トヨタ自動車が同社初の量産電気自動車(EV)の発売を控え、滑り出しでつまずかないよう入念な準備を進めている。報道陣、自動車のジャーナリストやアナリストらに乗り味を試してもらうとともに、電池の品質や技術などをアピール。EV市場が本格的に立ち上がっていない国内では、販売手法も定額制(サブスクリプション)のみとし、EVに対するユーザーの不安払しょくに腐心している。

 トヨタは今年半ばにスポーツ多目的車(SUV)タイプのEV「bZ4X」を発売する。同社にとっては初の量産EVだ。ハイブリッド車「プリウス」を開発し、世界に先駆けて電動車を送り出したものの、純粋なEVに限っては競合他社の後塵を拝することとなった。まだ需要は少ないとみていたほか、EV特有の問題点を見極めていたためで、特に電池の寿命や安全性を追求していた。

 トヨタは先週、4日間に分けてbZ4Xのプロトタイプ(発売前の試作車)試乗会を千葉県内で開催した。会場に集まった総勢およそ150人の記者やアナリストに対し、独自に開発した技術などを詳細に説明した。
 

トヨタ自動車が同社初の量産電気自動車(EV)の発売を控え、滑り出しでつまずかないよう入念な準備を進めている。写真はEV「bZ4X」。都内で2021年12月撮影(2022年 ロイター/Kim Kyung-Hoon)
トヨタ自動車が同社初の量産電気自動車(EV)の発売を控え、滑り出しでつまずかないよう入念な準備を進めている。写真はEV「bZ4X」。都内で2021年12月撮影(2022年 ロイター/Kim Kyung-Hoon)

 EVは急速充電や急加速を繰り返すと電池セルが発熱するため、セルを冷却液で冷やす。トヨタはショートしないよう、電気を通しにくい冷却液を新たに開発。冷却液が万一漏れた場合もセルが水没しないよう、液に接しない別室構造にした。電池の電圧も多重で監視し、内部で不測の事態が起きたときも対応できるようにしたという。

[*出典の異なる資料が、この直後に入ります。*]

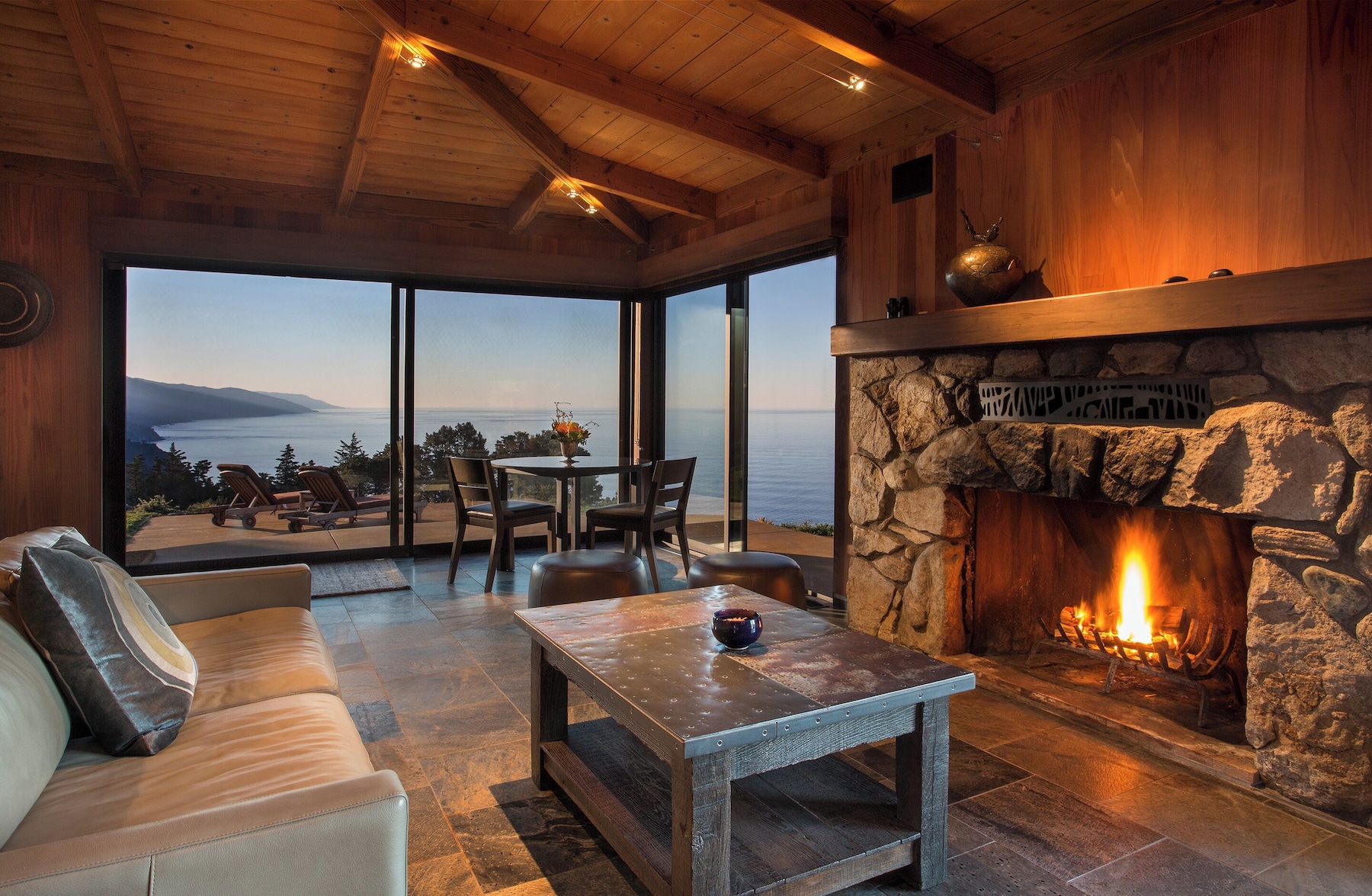 Post House | Área de sala de estar | Chimenea 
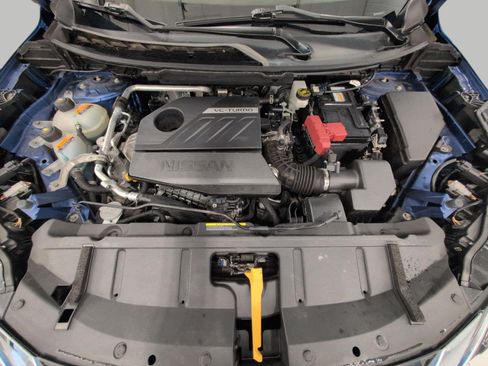 Used 2023 Nissan Rogue SV AWD/4WD image 9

 EV用電池は発火の報告が相次いでいる。充電中に発火した米ゼネラル・モーターズは、韓国LG化学の電池子会社、LGエネルギーソリューション製の電池を搭載した車両を複数回リコール(回収・無償修理)した。韓国の現代自動車も同じ電池を採用したEVのリコールに追い込まれた。

 「安心安全は絶対。その上で、航続距離と電池劣化と充電スピードの3つを両立させることを意識した」と、トヨタ・パワートレーンカンパニー電動パワトレ開発統括部の山本雅哉主幹は試乗会で話した。